*** Opening Collected data ***

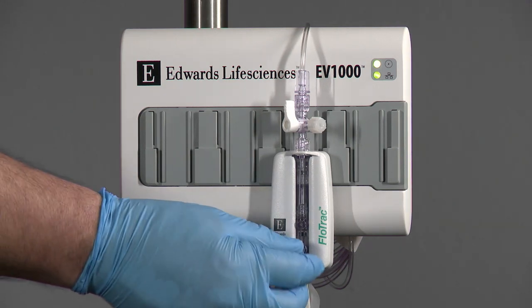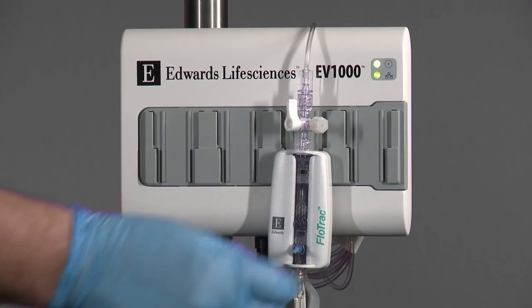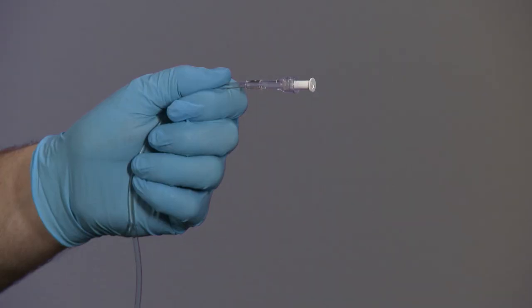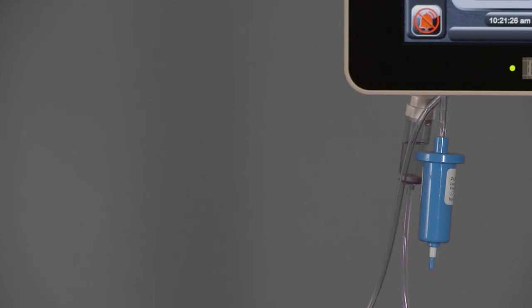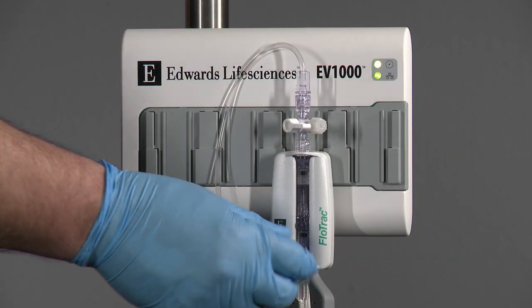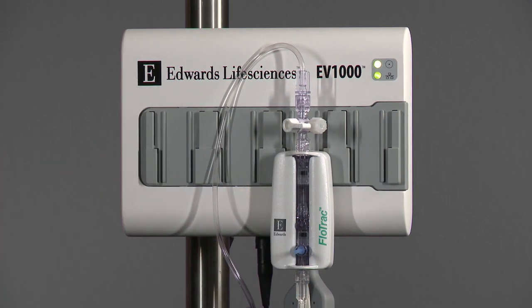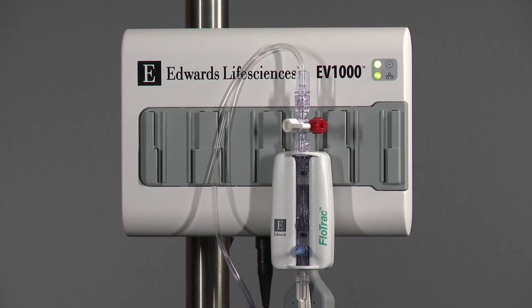Pull the flush tab and prime the FlowTrack sensor through to the vented cap just above the sensor, evacuating all air. Turn the stopcock toward the vented cap and flush to the end of the pressure tubing while holding the pressure tubing upright. Pressurize the infuser bag to 300 mmHg. Pull the flush tab for a fast flush and evacuate any residual air. Replace all vented caps in the system with non-vented caps. The above best practice in priming the system will mitigate residual air bubbles.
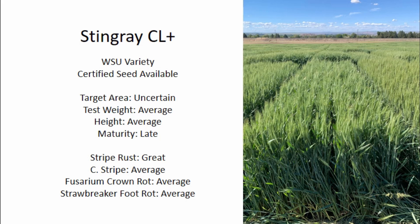Up next is Stingray CL+. This is a really interesting one because it's late maturing, like a lot of the WSU varieties. Typically that means they aren't as adapted to Oregon, where late maturing varieties really seem to have a hard time in the later years or the years where things dry out early. We haven't had one of those since Stingray CL+ has been in the trial — we've been coming out of a few relatively good years agronomically. That being said, it's still performed extremely well in variety trials around the state, especially in the irrigated areas around Hermiston. This could definitely be something to look at for more production in Oregon if we continue to see it perform as well as it has.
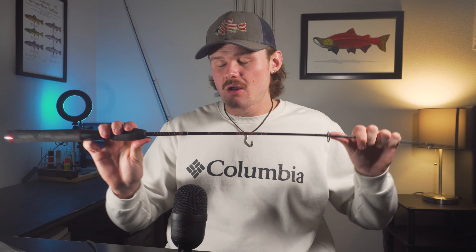There is the Ugly Stick Elite, which is a little bit higher than the GX2 in terms of models — maybe I'll make a video on that one day. That rod is a lot more sensitive, even for just that extra $20 bump. It's a big difference. It's still not great, but it's a big difference compared to the GX2s. They're both fantastic rods depending on what you need.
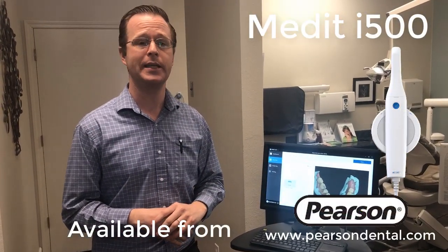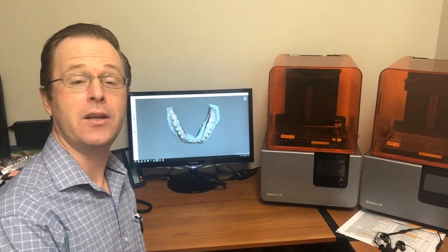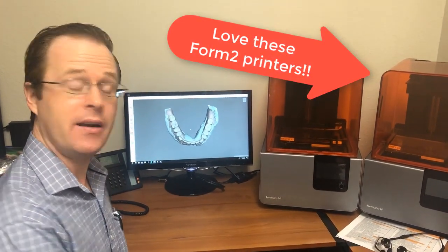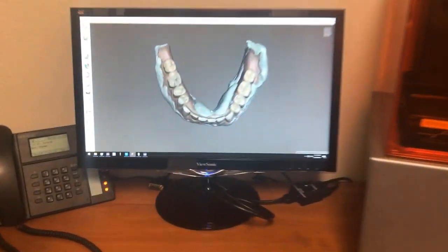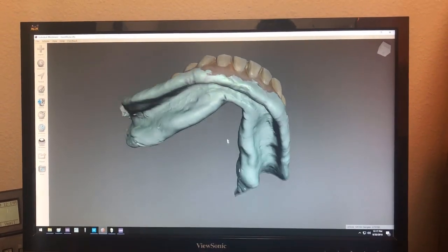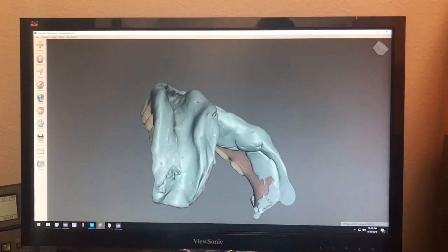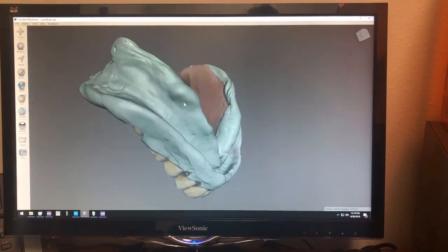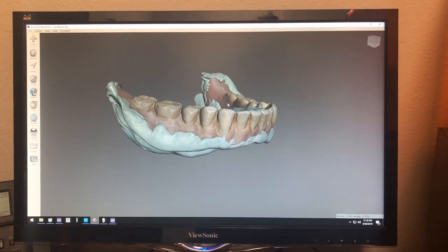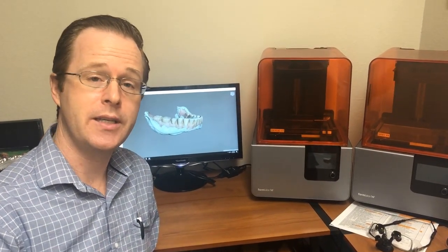Really exciting things here with the Medit i500 — it's really coming along and just gets better and better. I wanted to report on this particular case because it really performed exquisitely. Here I'm at my computer showing you what that scan looks like. I brought my Medit i500 scan up into MeshMixer — take a look, in color, full 360 degrees of this patient's scan, ready for either guided surgery or for making a 3D printed copy of this patient's denture. Very exciting things to come. See you next time.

*** Closing Collected data ***

_Task to complete_
In your answer, set down the full listing word for word and include no pictures.

_Answer area_
Pull the flush tab and prime the FlowTrack sensor through to the vented cap just above the sensor, evacuating all air. Turn the stopcock toward the vented cap and flush to the end of the pressure tubing while holding the pressure tubing upright. Pressurize the infuser bag to 300 mmHg. Pull the flush tab for a fast flush and evacuate any residual air. Replace all vented caps in the system with non-vented caps. The above best practice in priming the system will mitigate residual air bubbles.
Up next is Stingray CL+. This is a really interesting one because it's late maturing, like a lot of the WSU varieties. Typically that means they aren't as adapted to Oregon, where late maturing varieties really seem to have a hard time in the later years or the years where things dry out early. We haven't had one of those since Stingray CL+ has been in the trial — we've been coming out of a few relatively good years agronomically. That being said, it's still performed extremely well in variety trials around the state, especially in the irrigated areas around Hermiston. This could definitely be something to look at for more production in Oregon if we continue to see it perform as well as it has.
There is the Ugly Stick Elite, which is a little bit higher than the GX2 in terms of models — maybe I'll make a video on that one day. That rod is a lot more sensitive, even for just that extra $20 bump. It's a big difference. It's still not great, but it's a big difference compared to the GX2s. They're both fantastic rods depending on what you need.
Really exciting things here with the Medit i500 — it's really coming along and just gets better and better. I wanted to report on this particular case because it really performed exquisitely. Here I'm at my computer showing you what that scan looks like. I brought my Medit i500 scan up into MeshMixer — take a look, in color, full 360 degrees of this patient's scan, ready for either guided surgery or for making a 3D printed copy of this patient's denture. Very exciting things to come. See you next time.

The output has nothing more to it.